- Your task: Output, exactly as written, the lines below from the one that has "Joyful white adult" through the one that has "A man standing"; nothing else, and no pictures.

Image-text web data
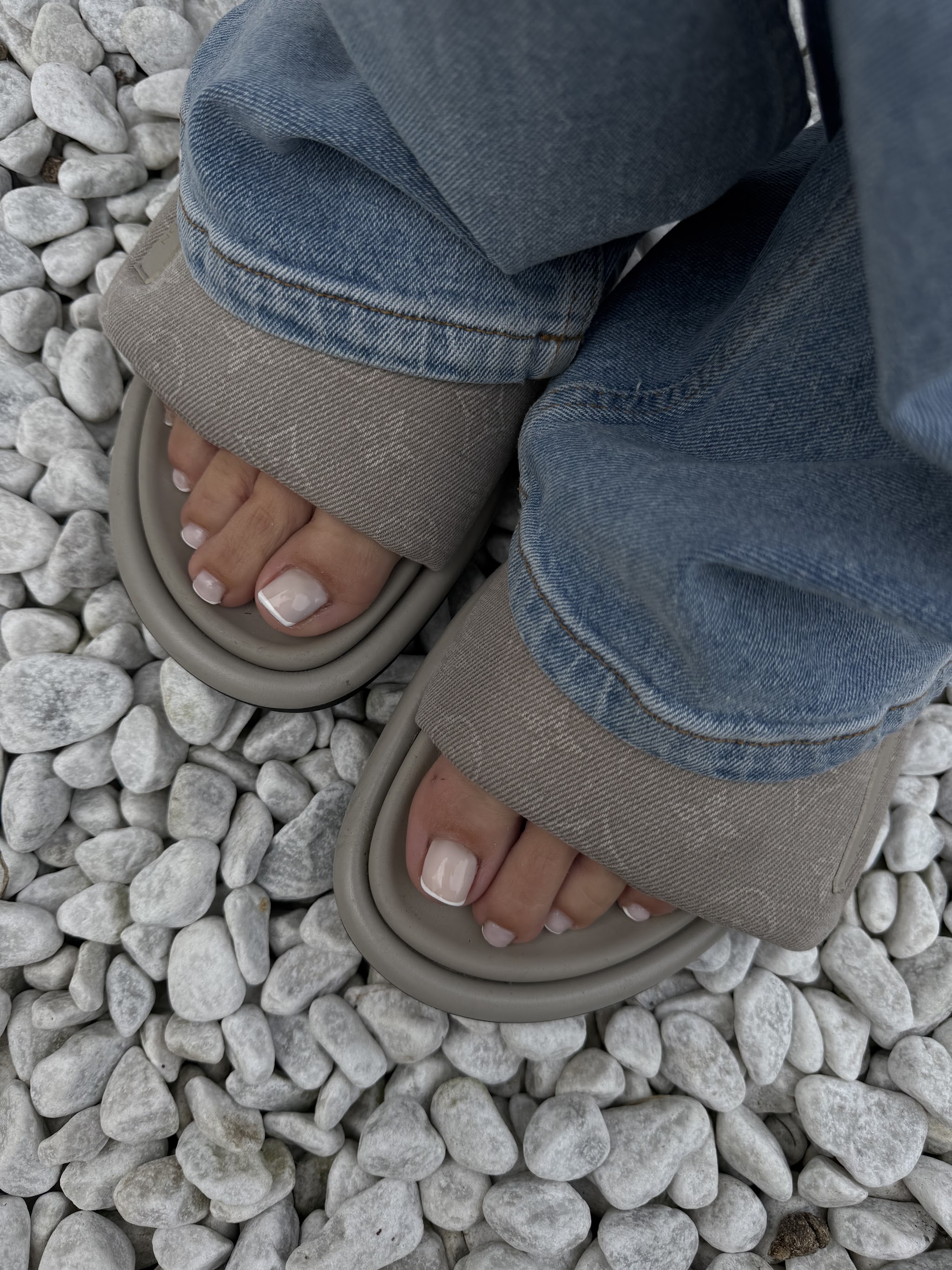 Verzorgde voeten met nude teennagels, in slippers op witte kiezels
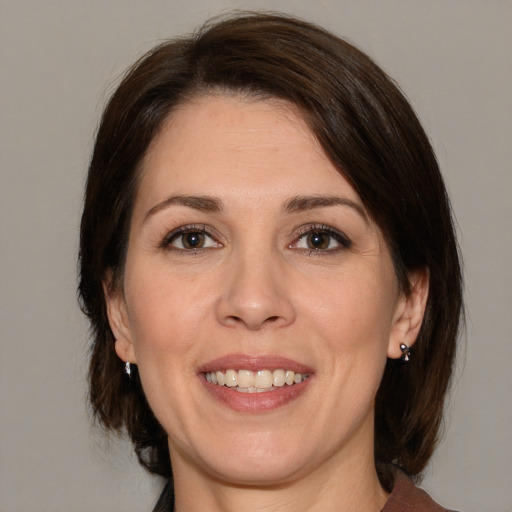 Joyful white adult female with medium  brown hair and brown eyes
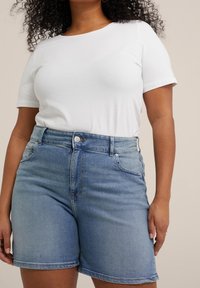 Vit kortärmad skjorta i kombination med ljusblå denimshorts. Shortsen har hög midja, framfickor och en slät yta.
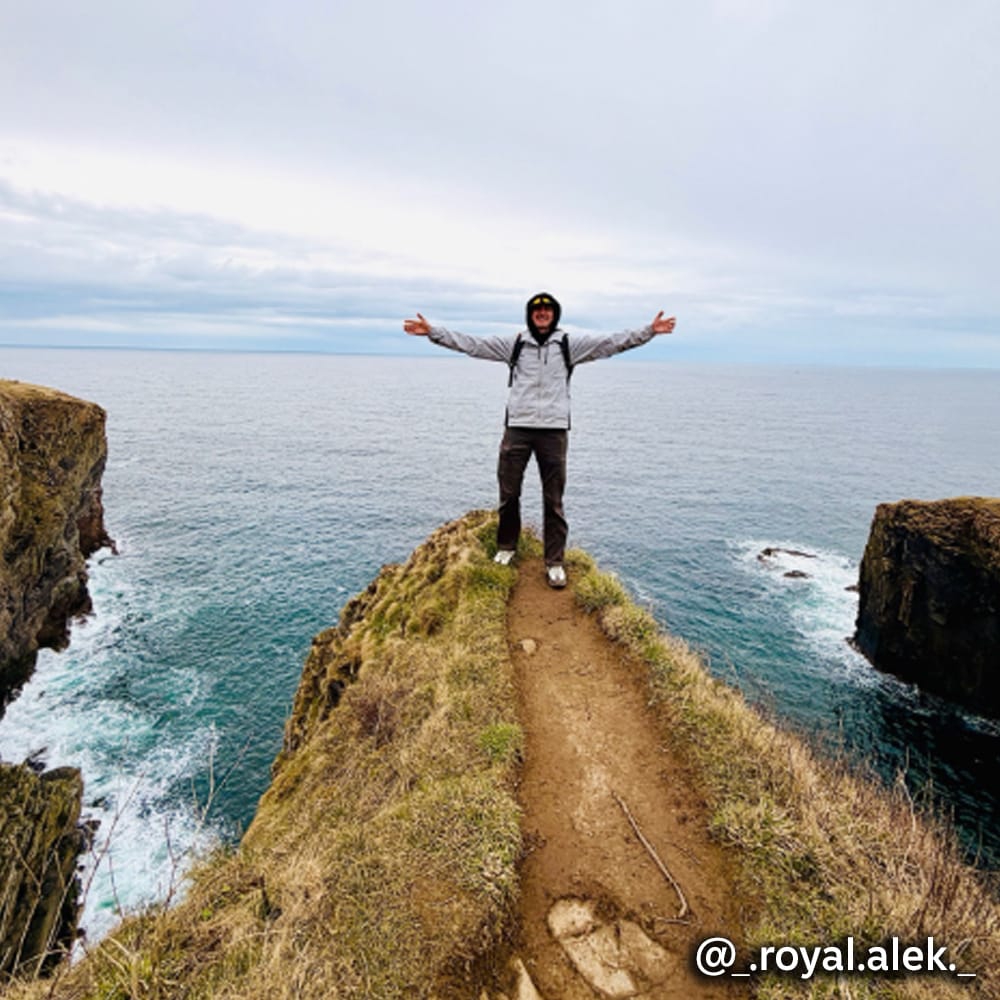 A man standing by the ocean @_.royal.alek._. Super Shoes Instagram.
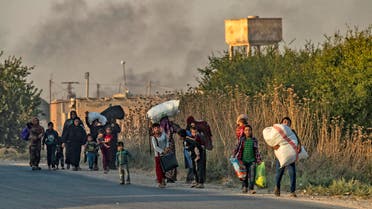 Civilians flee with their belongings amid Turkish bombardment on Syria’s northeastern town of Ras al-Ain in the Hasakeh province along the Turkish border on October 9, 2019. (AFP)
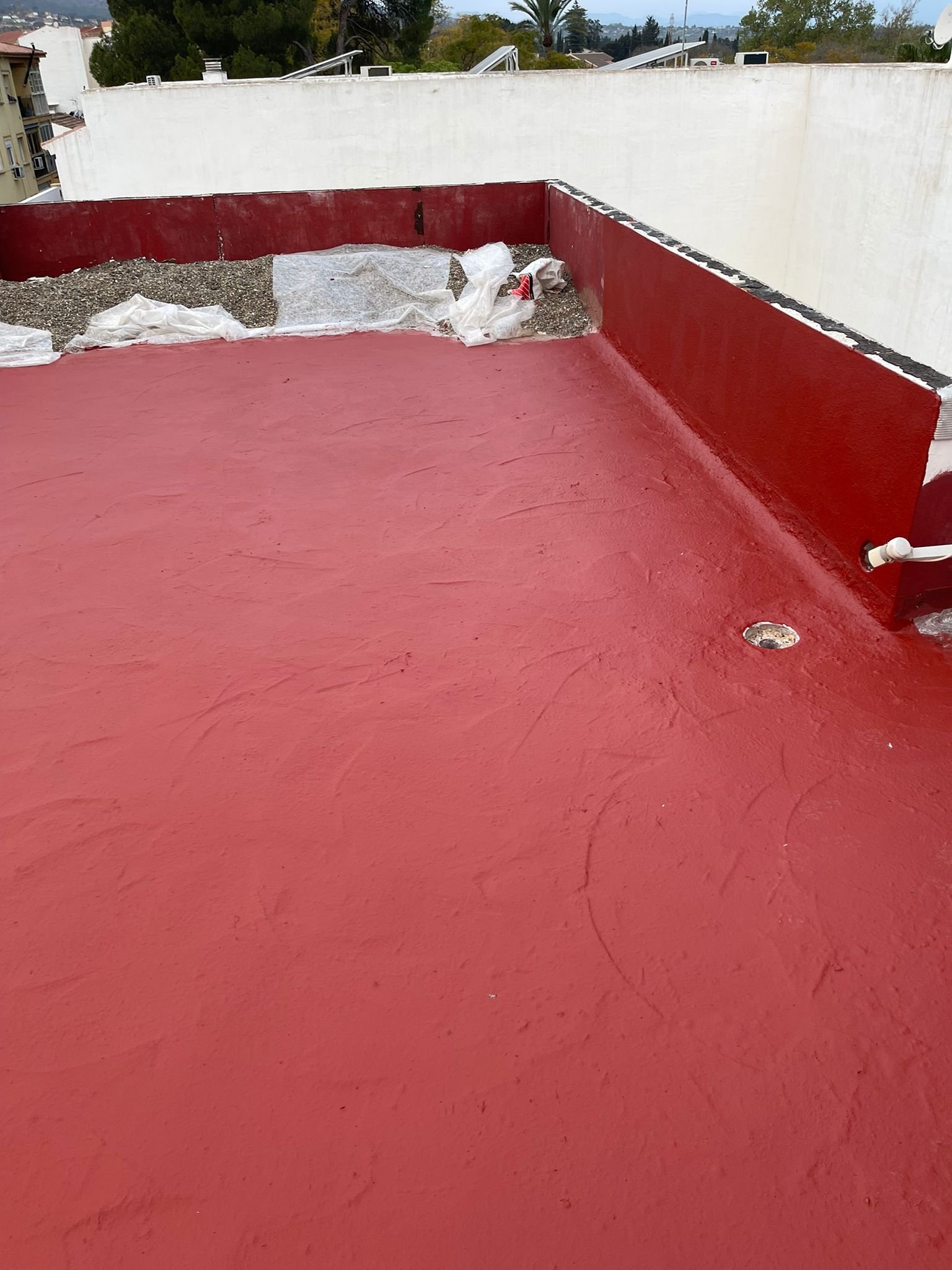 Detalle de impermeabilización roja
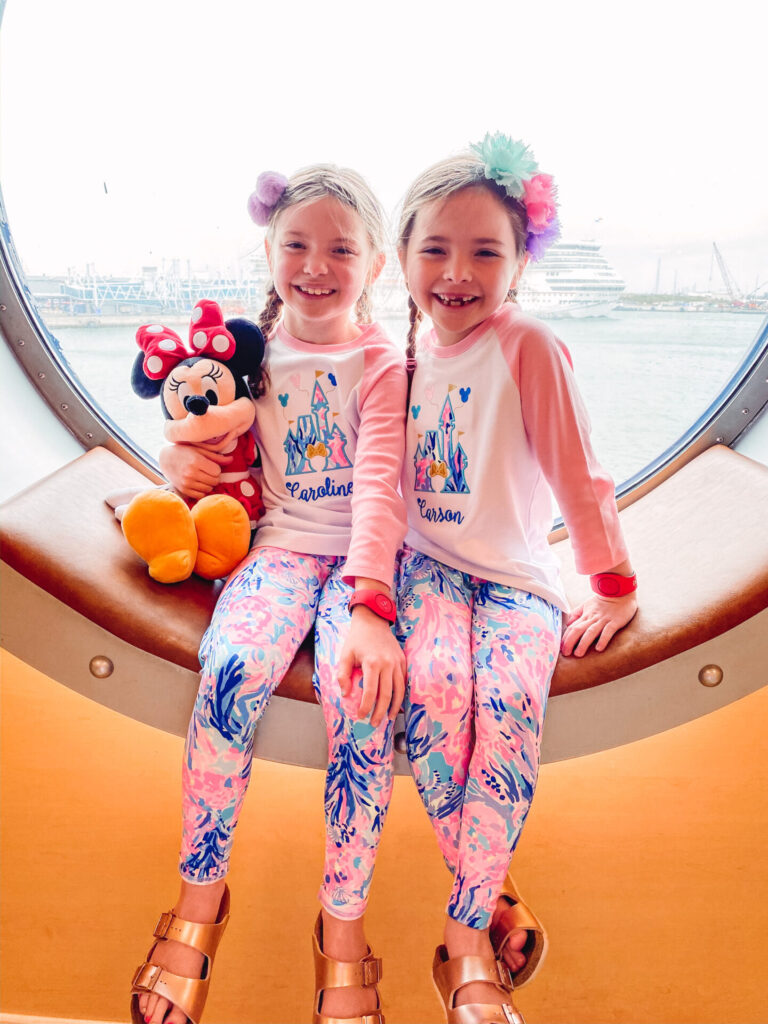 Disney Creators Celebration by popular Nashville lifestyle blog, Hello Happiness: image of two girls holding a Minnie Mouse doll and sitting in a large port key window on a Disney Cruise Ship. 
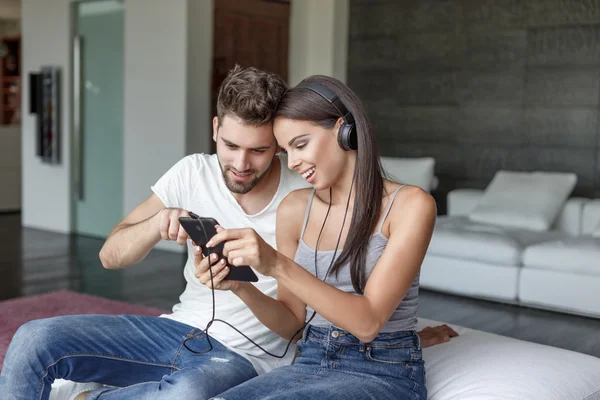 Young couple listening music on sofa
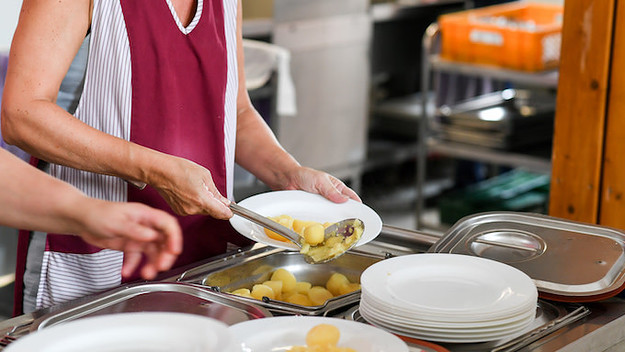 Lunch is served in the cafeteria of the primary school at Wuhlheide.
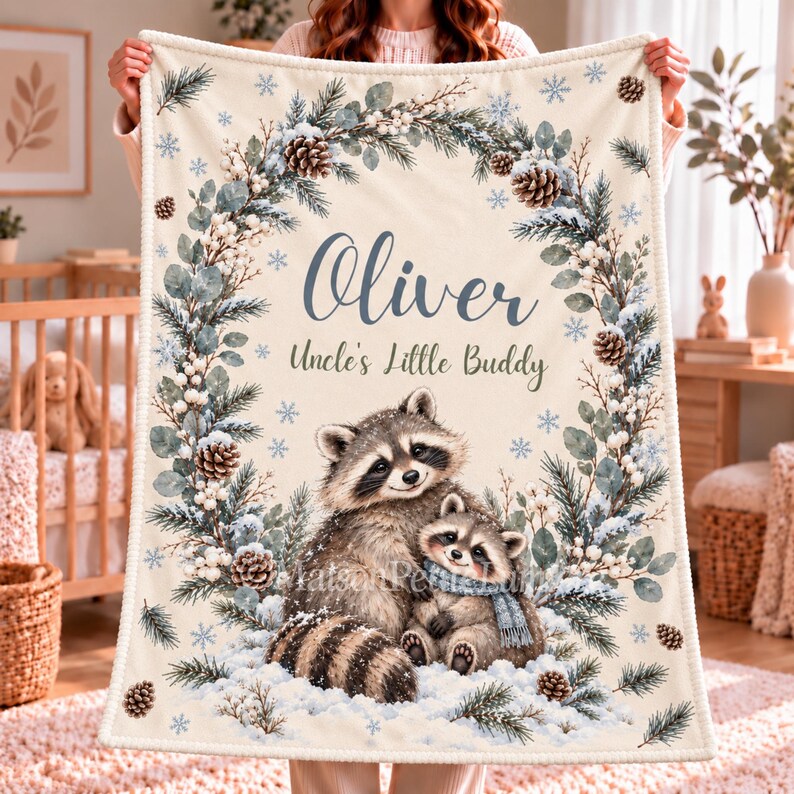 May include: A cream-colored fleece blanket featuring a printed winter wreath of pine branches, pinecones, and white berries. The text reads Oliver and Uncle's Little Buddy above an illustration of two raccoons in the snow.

- Your solution:
 Joyful white adult female with medium  brown hair and brown eyes
 Vit kortärmad skjorta i kombination med ljusblå denimshorts. Shortsen har hög midja, framfickor och en slät yta.
 A man standing by the ocean @_.royal.alek._. Super Shoes Instagram.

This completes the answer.